Update in real-time or at least every 30 minutes which houses are available (available at the time)
Match all the criteria (satisfy my needs)

I expect the data flow as below:

Scrape1

Acquiring data

Something I need to prepare:

Data Sources: facebook posts/groups, some websites as: nha.chotot.com, phongtro123.com, mogi.vn, batdongsan.com.vn
Framework/Tools: For scrape data using Python, I will use Scrapy and Splash for simulate a browser in cases some website requires javascript. Row data will be stored in mongodb with ORM will be Pymongo; I also want to schedule the crawler thus I will use scrapy-do for scheduly running background tasks.

Let’s code our “spider”.

After creating folder for our project, setup virtualenv for python3, pip install scrapy to install scrapy
we run startproject command to create new project

$ scrapy startproject stacy

The crawler includes few main parts:

The spider itself: a class inherit scrapy.Spider class that create list of Requests that we send to get the webpage we need.
each Request has a callback that is the function which handle the response of the request.
In case we need authentication, we should care about middleware, I usually add cookies to middleware, so every requests the crawler makes will contains authentication information
Scrapy stores the data that retrive from response in Items. My item includes several fields but the most important is post_content that contains the raw text/content about housing.
Item pipeline is where we save the Item to database.
The parsing part is usually quite boring, you can use inspector in browser to look up for the xpath or css of the element in DOM, then parsing is simple thing

I will show some interesting parts in my code here.

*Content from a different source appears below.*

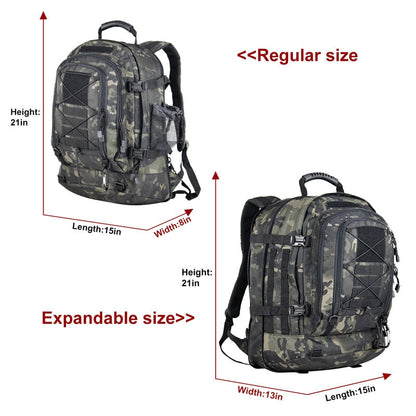 Tactical Backpack 60L Military Rucksack MOLLE Waterproof Hiking Pack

Splash is a headless browser (a browser without GUI) that is integrated greatly with scrapy, the fun thing is Splash using Lua, so I need to learn a little about Lua to be able to write the automatically login script.

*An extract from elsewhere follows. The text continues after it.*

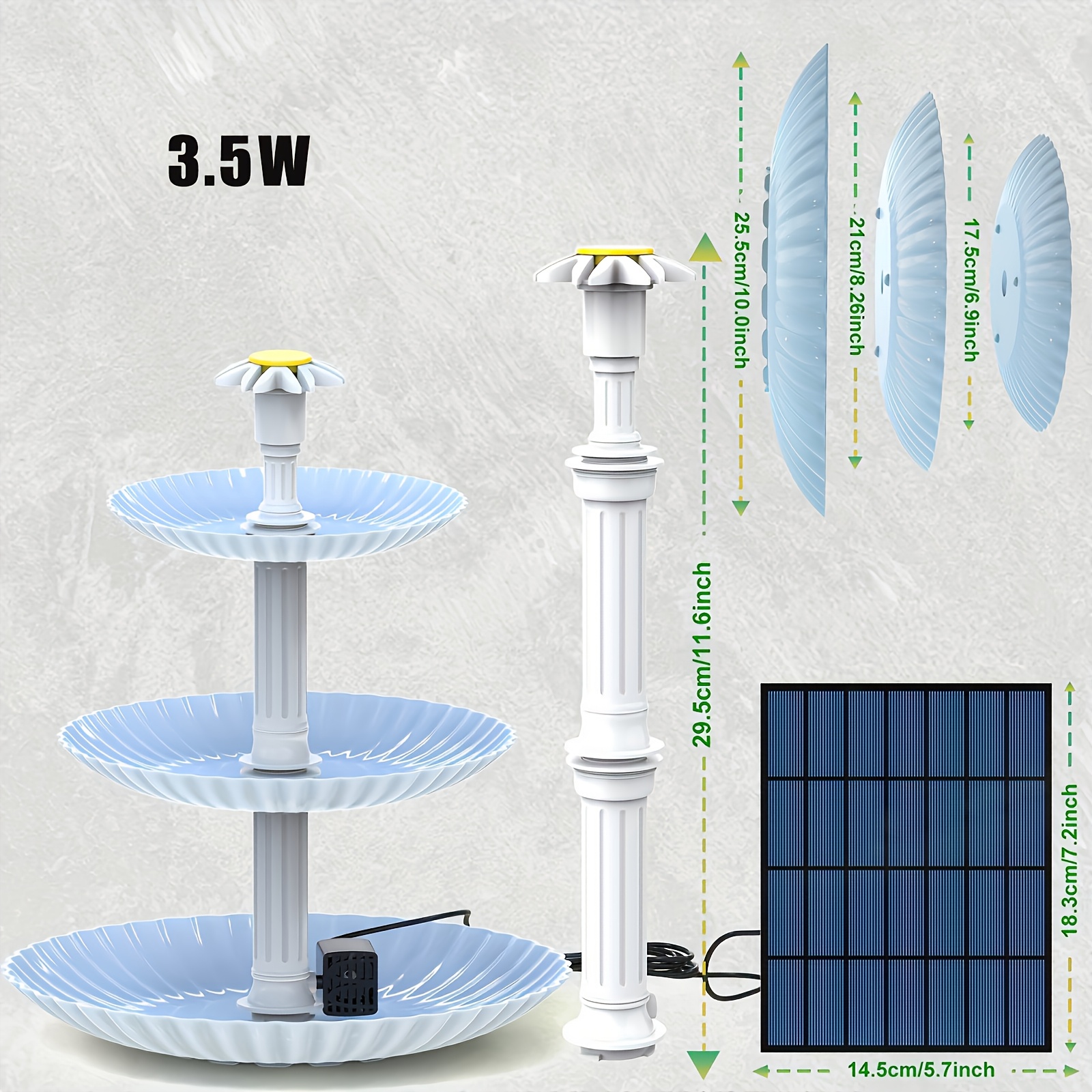 Solarna vodna fontana, solarna fontana za bazen, solarna fontana za ptičjo kopel, snemljiva DIY vodna krajinska fontana za kopanje ptic s 3,5 W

    function main(splash, args)
        -- Define a function that focus on an input
        function focus(sel)
            splash:select(sel):focus()
        end
        
        -- Go to the login site
        assert(splash:go{
            splash.args.url,
            headers=splash.args.headers,
            http_method=splash.args.http_method,
            body=splash.args.body,
        })
        
        -- "Click" to email input
        focus('input[name=email]')
        -- "Type" your email
        splash:send_text("cuongtuanpham159@gmail.com")
        -- "Click" to password input
        focus('input[name=pass]')
        -- "Type" your password
        splash:send_text("xtcc8JWyq2q/lxGX+4D9Sx92V80WttPhAJSBues")
        -- Wait a little bit to make sure inputs is filled
        assert(splash:wait(0.5))
        -- "Click" to Login button
        splash:select('input[name=login]'):mouse_click()
        -- Done, wait the welcome window to display
        assert(splash:wait(2))                        
                                                                    
        return {
            url = splash:url(),
            cookies = splash:get_cookies(), -- Get the cookies to store in database later
            html = splash:html(),
        }
    end

The code above is the most basic example when we want to login into some sites. Because in many cases, the website will require something like capcha, ‘I’m not robot’ thing and so on that make the login process more complicated. But normally I will successfully login to the website I want and get cookies that allows me to easily make requests later without having to login again.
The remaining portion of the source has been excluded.